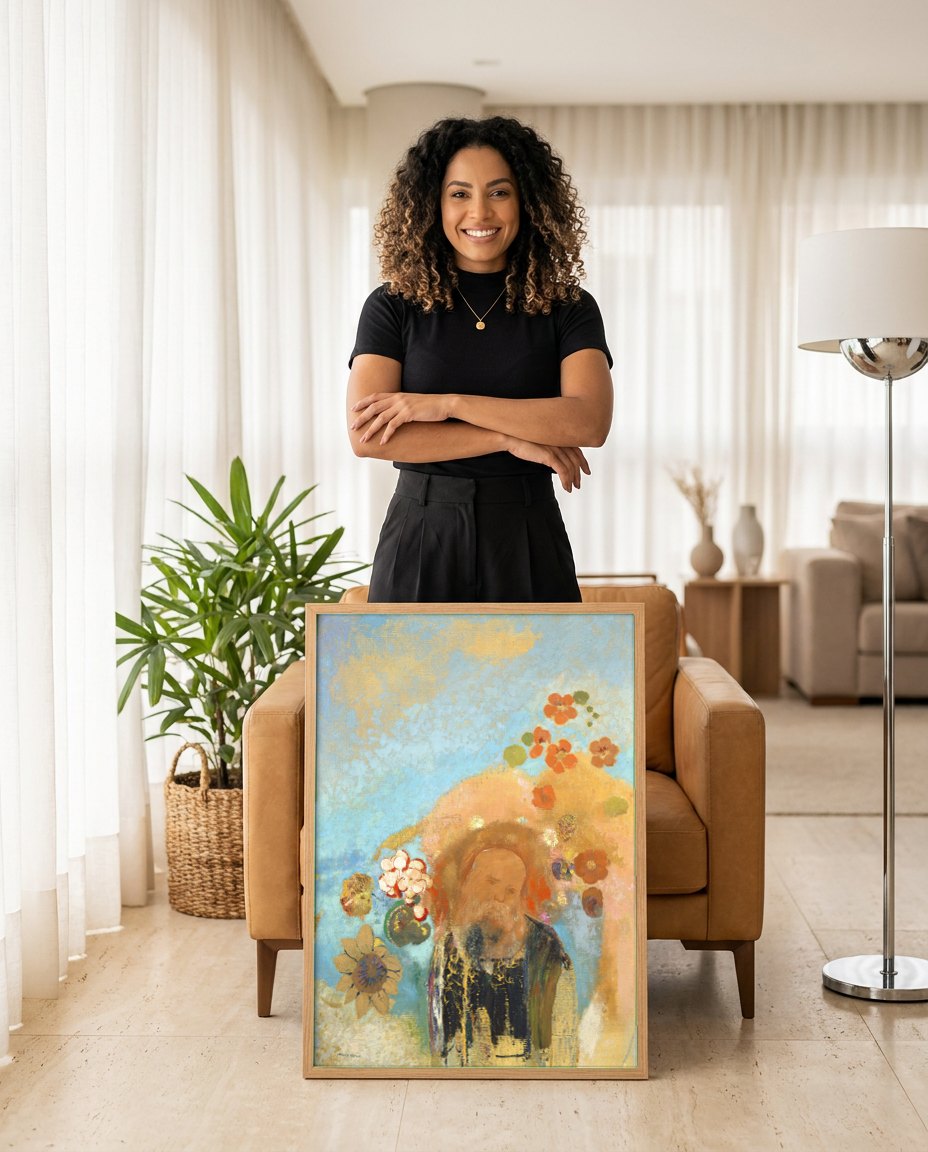Quadro Decorativo O Velho com Flores - Odilon Redon | modelo apresentando o quadro emoldurado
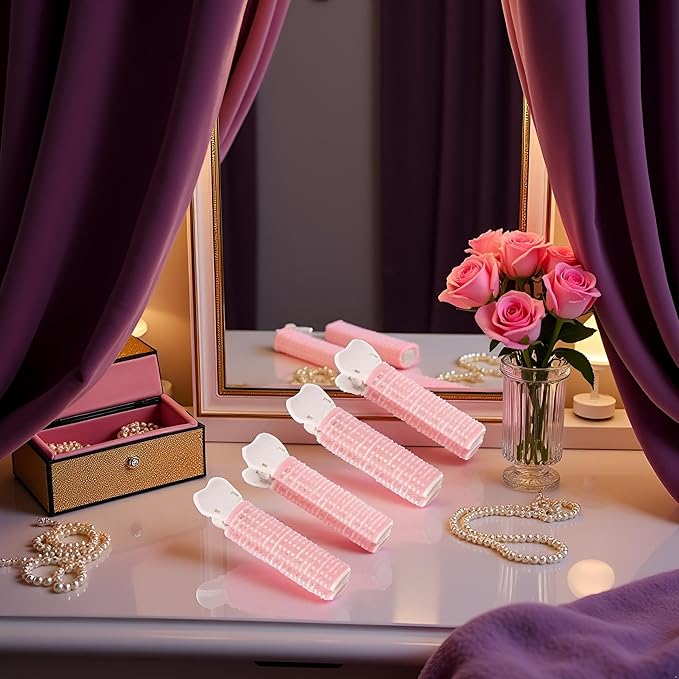 4Pcs Pink Hair Rollers with Clip Volumizing Bangs Curler DIY Styling Accessories Tool Portable Self Grip Volume Hair Root Clips Hair Rollers Styling Tools and Appliances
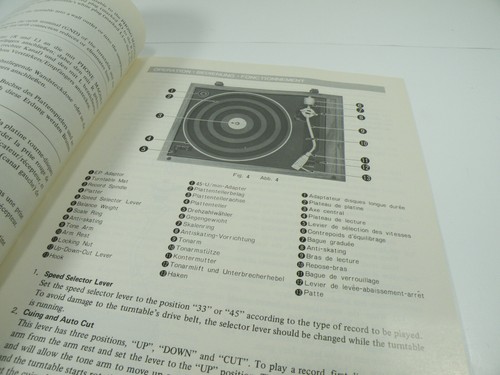 HITACHI PS-10 Stereo Turntable Original Owners Manual - Picture 3 of 4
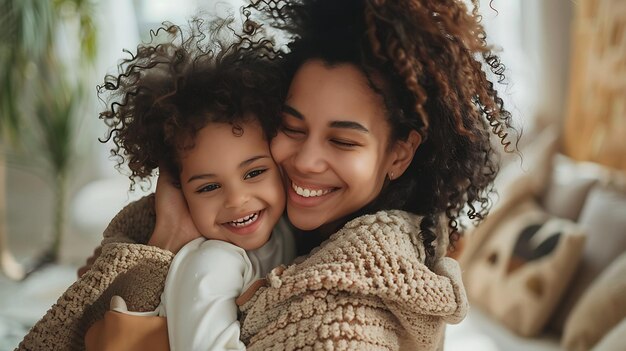 A mother and her daughter are hugging each other They are both smiling and look happy The mother has her eyes closed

----------------

→ **What to work on**: Give back an exact copy of the material above, omitting the pictures.

→ **Reply**:
Quadro Decorativo O Velho com Flores - Odilon Redon | modelo apresentando o quadro emoldurado
 4Pcs Pink Hair Rollers with Clip Volumizing Bangs Curler DIY Styling Accessories Tool Portable Self Grip Volume Hair Root Clips Hair Rollers Styling Tools and Appliances
 HITACHI PS-10 Stereo Turntable Original Owners Manual - Picture 3 of 4
 A mother and her daughter are hugging each other They are both smiling and look happy The mother has her eyes closed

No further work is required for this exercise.